Announcement

**tildearrow** · 10 June 2022, 04:13 PM

What's the current status of compute acceleration? A mess!

NVIDIA:
- CUDA
- OpenCL (an old version)
- Rusticl OpenCL (Nouveau, poor performance)
- PoCL
- Vulkan Compute
- SYCL (via hipSYCL)
- SYCL (via ComputeCpp)
- DirectCompute (on Windows)

AMD:
- APP OpenCL (original implementation before ROCm era)
- Clover OpenCL
- ROCm OpenCL
- Rusticl OpenCL
- ROCm HIP
- CUDA (partial, via ROCm HIPIFY)
- CUDA (partial, via SYCLomatic)
- PoCL
- Vulkan Compute (with Mesa RADV)
- Vulkan Compute (with AMDVLK)
- Vulkan Compute (with proprietary driver)
- Metal Performance Shaders (on macOS)
- SYCL (via hipSYCL)
- SYCL (via ComputeCpp)
- DirectCompute (on Windows)

Intel:
- Probably PoCL too
- Vulkan Compute (with ANV)
- Vulkan Compute (with proprietary driver on Windows)
- Metal Performance Shaders (on macOS)
- NEO OpenCL
- Beignet OpenCL
- intel_clc OpenCL
- Rusticl OpenCL
- oneAPI Level Zero
- CUDA (partial, via SYCLomatic)
- CUDA (partial, via ZLUDA)
- SYCL (via oneAPI DPC++)
- SYCL (via ComputeCpp)
- DirectCompute (on Windows)

CPU:
- SYCL (via hipSYCL)
- SYCL (via ComputeCpp)
- PoCL
- Vulkan Compute (using Lavapipe)

However, for some reason, CUDA has over 90% of the usage share, despite thousand of efforts to liberate ourselves from it being made!

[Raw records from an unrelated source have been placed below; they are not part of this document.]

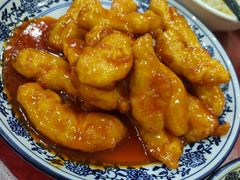 -北大地皖峰饭馆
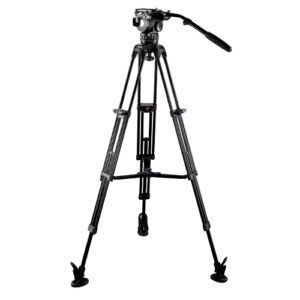 EG10A2 Stage Aluminium Tripod System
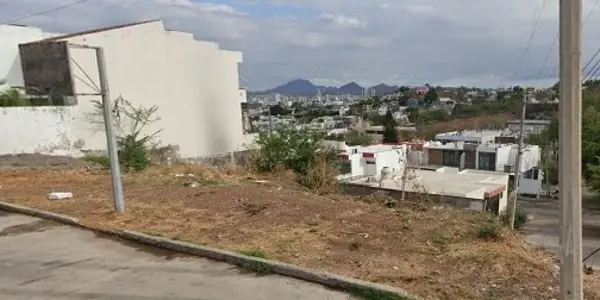 Terreno en venta en Lomas de Guadalupe, Culiacán — foto 3 de 4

**LinAGKar** · 10 June 2022, 05:18 PM

tildearrow, don't forget that DPC++ also has a CPU backend, and experimental CUDA and HIP backends. That (or maybe ComputeCpp) seems like the most promising option for making cross compatible binaries, although they do it by plugging in different backends at runtime (CUDA/HIP/Level Zero/CPU) rather than by targeting a a vendor independent driver API. It's a mess.

And of course, ROCm doesn't even work on all AMD GPUs.

**OneTimeShot** · 11 June 2022, 03:58 AM

Khronos aren't too good at bundling their APIs. They have Audio APIs, they have OpenCL, video codec APIs, video playback APIs, then all the AI and computer vision stuff...

...but you never know what is going to work on any one computer. OpenGL 4.0, but no OpenCL. Vulkan, but no video playback. 3d but no video compression. They should occasionally draw a line in the sand and say "in order to be Vulkan 1.2 compatible, it *must* also support these APIs: OpenAL, OpenCL 1.2, ...".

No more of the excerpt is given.